# Older Omnijig for Dovetails



## CharlesA (Jun 24, 2013)

I have a really cheap HF dovetail jig that I've gotten to work fairly well with trial and error. I don't do enough dovetails to justify an expensive jig. I'm curious if anyone has experience with one of these older omnijigs. The biggest downside to my HF jig is that it is not very precise, so I have to be extremely careful aligning the pieces of wood, etc. Any pluses or minuses to this omnijig? Thanks so much.

http://louisville.craigslist.org/tls/4070669880.html


----------



## huff (May 28, 2009)

Charles,

I've used an Omnijig for over 20 years in my business.

The only problems I really had with mine was getting it set up correctly the first time and learning to make sure everything is lined up properly before cutting.

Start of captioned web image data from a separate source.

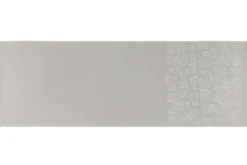 Rento Laudeliina Pino 50x150 cm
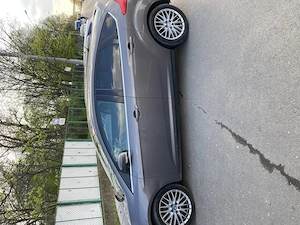 Ford Focus 2013 Hatchback - imagine 2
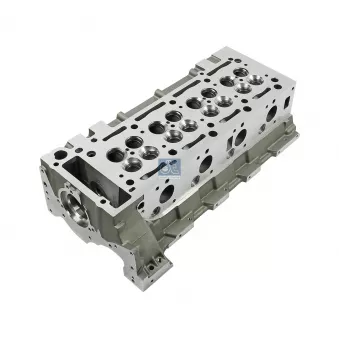 Culasse de cylindre DT OEM 6110106720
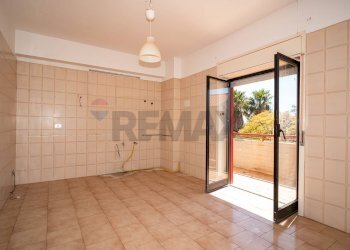 Stanza vuota - Apartment SP13
 
49, Motta Sant'Anastasia - photo 10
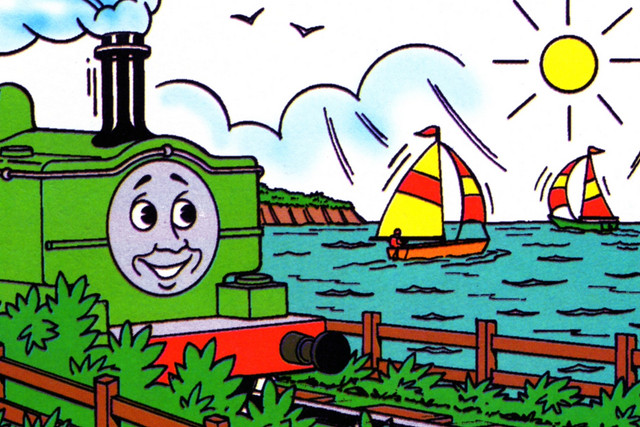 File:ASpecialStoryAboutDuck4.png
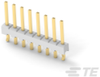 PCB Headers & Receptacles - 644886-8 - TE Connectivity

I had a little problem in the beginning with the stock wanting to slip a little while I was cutting and that would really screw everything up!...............I solved the problem by adjusting the cam locks a little and then I took some self adhesive 120 sandpaper and mounted to the surface of the jig where the lumber went.

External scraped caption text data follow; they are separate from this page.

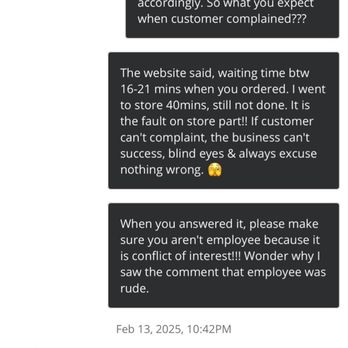 Wingstop - Comment - Chicken Wings Near Me - Grand Terrace, California Wingstop - Comment - Chicken Wings Near Me - Grand Terrace, California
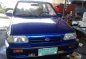 1996 KIA CD5 FOR SALE-6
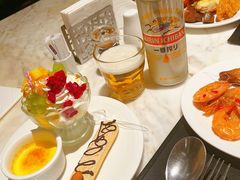 -水中仙东雅国际酒店(丹阳店)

I never had a problem after that.

I also designated a router just for dovetailing and once I got it set properly, I never changed the setting until it was time to get a new bit. I liked using the "D" handle Porter Cable 1 1/2hp router for control.

I've done hundreds of drawers on mine and really never had a major problem. I would buy another one if this one ever wears out.

A little trick to remember when dovetailing with a router; make sure you keep the router in the same position throughout the entire cut. What I mean by that is; do not rotate the router as you move along the wood. Sometimes the bushings will not be perfectly centered on your baseplate of the router, so if you rotate your router while making a cut, this could affect how tight your fit is. (especially if you make more then one pass).

Good luck and pratice makes perfect. lol

If your stock is flat and sized properly, then the jig itself does a good job (or at least for me).


----------